Les ministres de l'UE attendent des pistes concrètes pour avancer sur la rétention des données de téléphonie

Les ministres de la Justice et de l’Intérieur des États membres de l'UE, réunis vendredi 7 juillet à Tallinn pour une réunion informelle, ont à nouveau discuté des conséquences des divers arrêts de la Cour de justice de l’UE en matière de rétention des données, la Cour ayant invalidé à plusieurs reprises des dispositifs européens de rétention des données de téléphonie que les États membres demandent aux opérateurs de conserver dans le cadre de leurs enquêtes antiterroristes ou de criminalité grave.
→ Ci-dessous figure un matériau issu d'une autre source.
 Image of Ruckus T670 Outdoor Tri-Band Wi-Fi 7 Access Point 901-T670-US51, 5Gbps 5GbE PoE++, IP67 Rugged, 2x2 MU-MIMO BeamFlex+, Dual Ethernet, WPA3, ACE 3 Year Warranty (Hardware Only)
Lors de cette discussion « consensuelle », a relaté une source, il a été convenu que les travaux s’intensifieraient sur les options pratiques pour effectuer cette rétention des données, la Commission ayant notamment été invitée à faire des propositions dans ce sens.

Toutes les options ont été envisagées, a dit cette source, les États membres ne demandant pas forcément une nouvelle directive (l’ancienne directive de 2006 sur la rétention des données avait été invalidée en 2014 par la Cour), même si la Commission est invitée à réfléchir à cette possibilité. De fait, ils veulent surtout avoir des options européennes pour être en mesure de pratiquer cette rétention de données et, cela, dans le cadre imposé par la Cour de justice, un cadre qui, selon de nombreux États membres, a créé une situation très complexe pour les autorités répressives des États membres. « Il nous faut une solution européenne qui soit en cohérence avec la Cour », a dit Urmas Reinsalu, le ministre estonien de la Justice, lors de la conférence de presse finale.

Lors de cette discussion, les ministres ont aussi abordé la difficulté de travailler sur ce sujet, compte tenu du cadre légal qui pourrait encore évoluer. En effet, les conclusions générales sur l’accord PNR UE/Canada seront rendues fin juillet et elles pourraient avoir un impact sur le dossier de la rétention des données, a expliqué une source, relayant les préoccupations de certains ministres. L’idée est de parvenir à « une solution européenne que tout le monde puisse appliquer », a ajouté cette source. (Solenn Paulic)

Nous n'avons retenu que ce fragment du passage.